** Dataset entries follows **
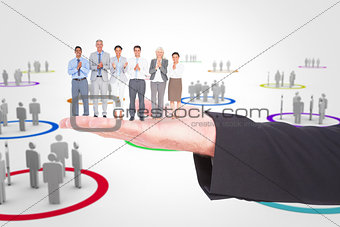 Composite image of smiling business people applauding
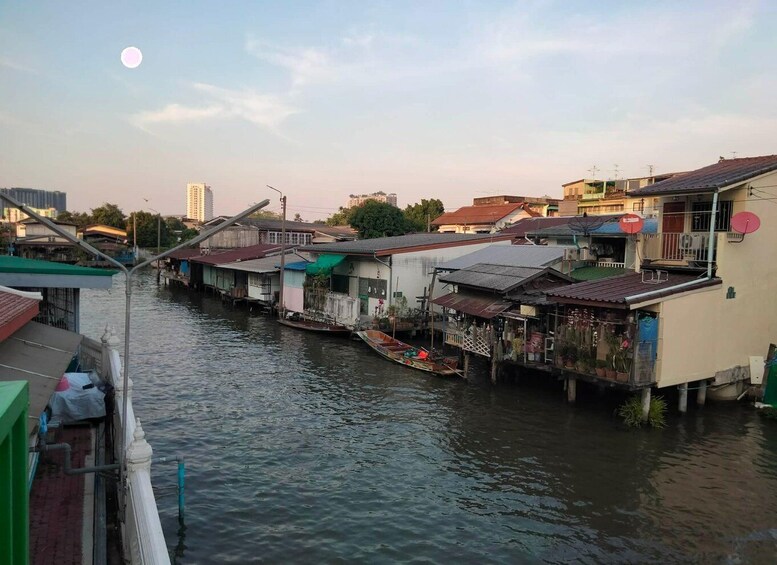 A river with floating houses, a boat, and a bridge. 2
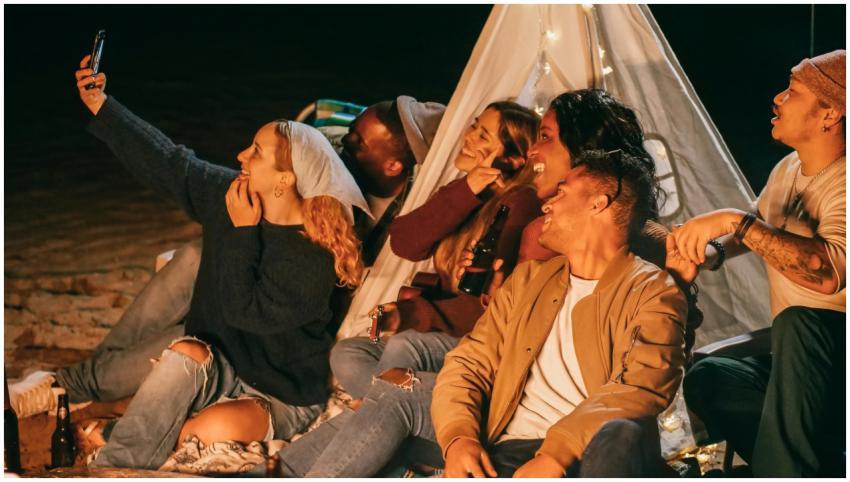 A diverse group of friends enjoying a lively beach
** End of Dataset entries **
** Dataset entries follows **
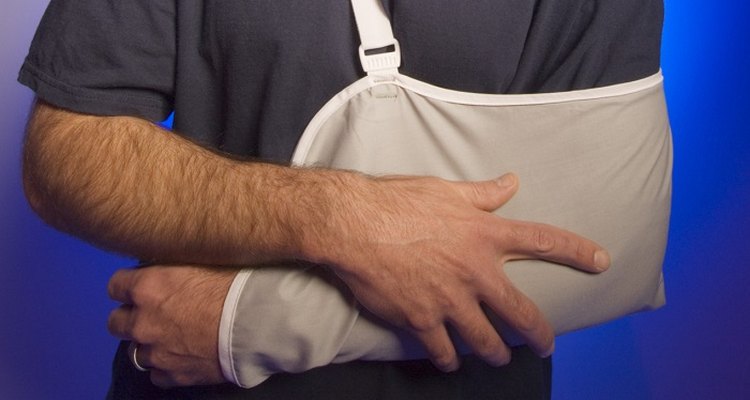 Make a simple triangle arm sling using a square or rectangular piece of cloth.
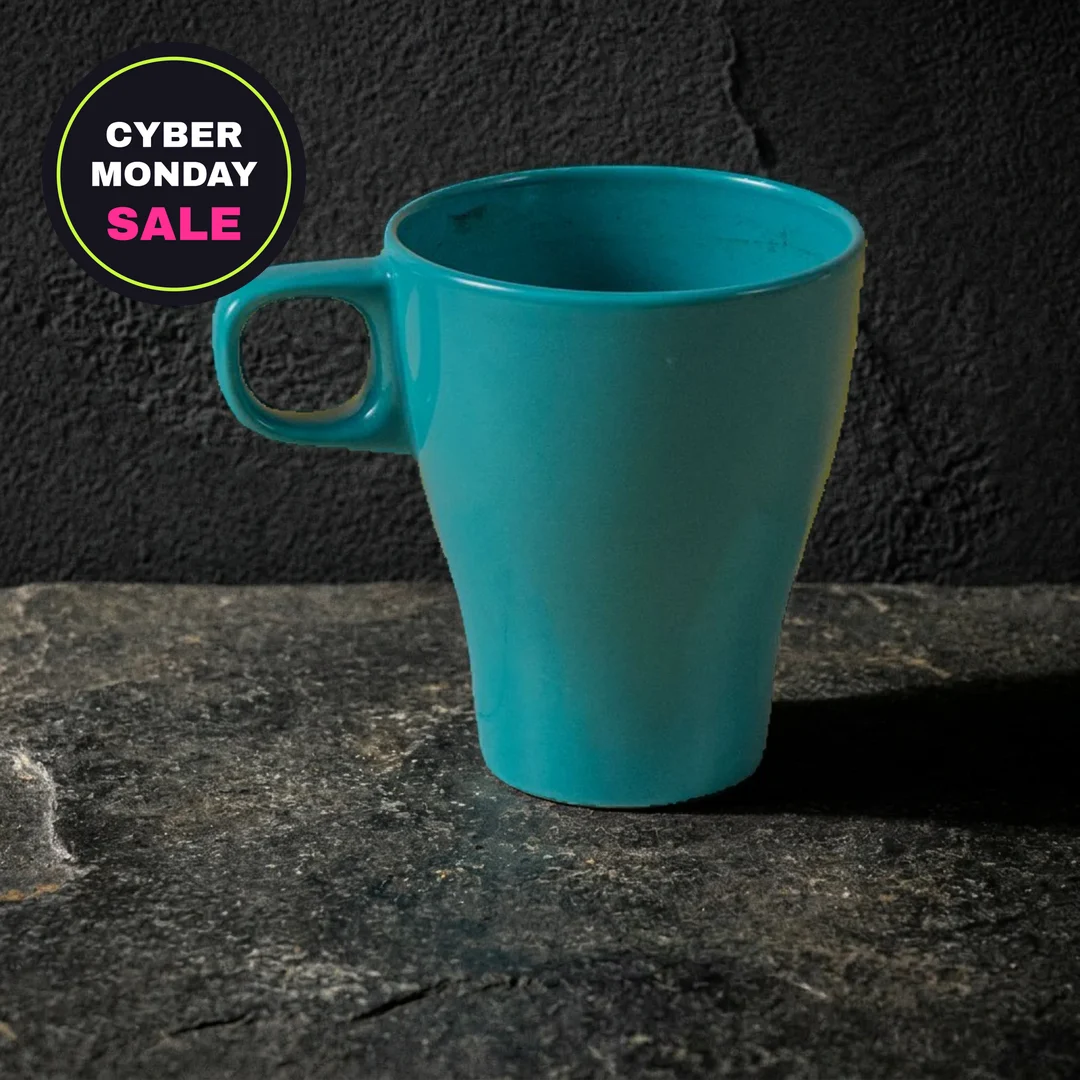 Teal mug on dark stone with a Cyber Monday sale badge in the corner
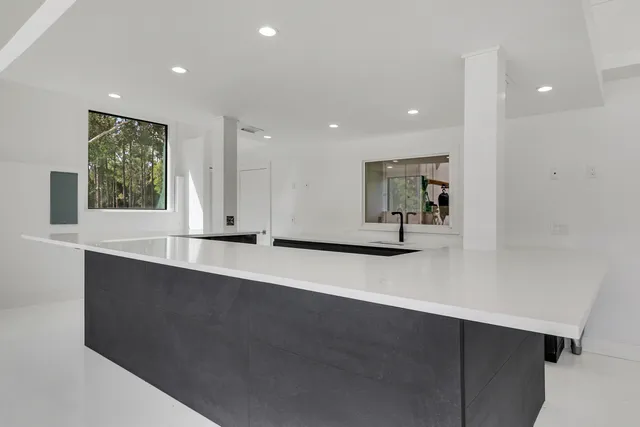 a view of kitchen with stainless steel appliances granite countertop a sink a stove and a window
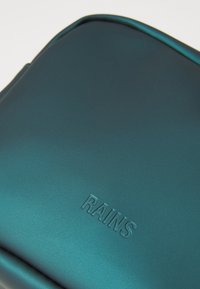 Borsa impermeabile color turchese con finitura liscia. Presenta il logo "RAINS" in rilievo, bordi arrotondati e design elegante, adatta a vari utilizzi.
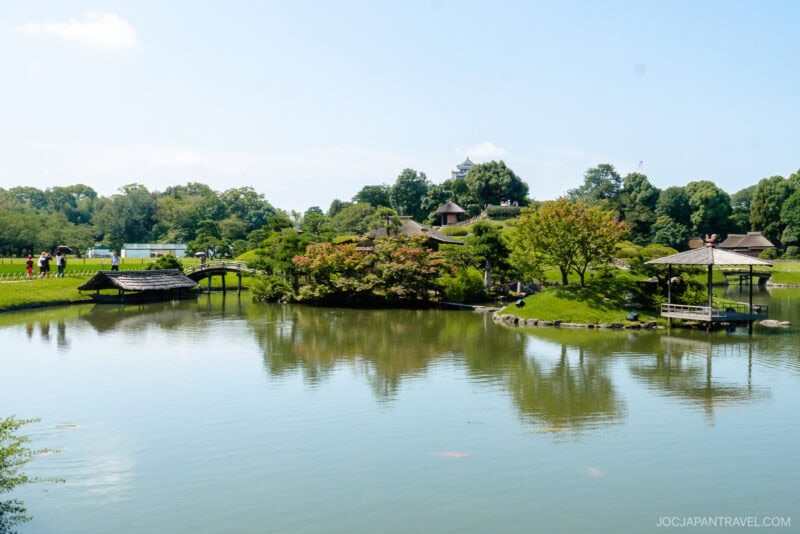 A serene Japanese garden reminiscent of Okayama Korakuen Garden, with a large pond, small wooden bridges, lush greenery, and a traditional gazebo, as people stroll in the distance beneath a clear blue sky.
** End of Dataset entries **
=== Problem statement ===
Repeat, without pictures, exactly the lines of the data above from the one containing "Teal mug on" through the one containing "A serene Japanese", including both and adding nothing.

=== Written solution ===
 Teal mug on dark stone with a Cyber Monday sale badge in the corner
 a view of kitchen with stainless steel appliances granite countertop a sink a stove and a window
 Borsa impermeabile color turchese con finitura liscia. Presenta il logo "RAINS" in rilievo, bordi arrotondati e design elegante, adatta a vari utilizzi.
 A serene Japanese garden reminiscent of Okayama Korakuen Garden, with a large pond, small wooden bridges, lush greenery, and a traditional gazebo, as people stroll in the distance beneath a clear blue sky.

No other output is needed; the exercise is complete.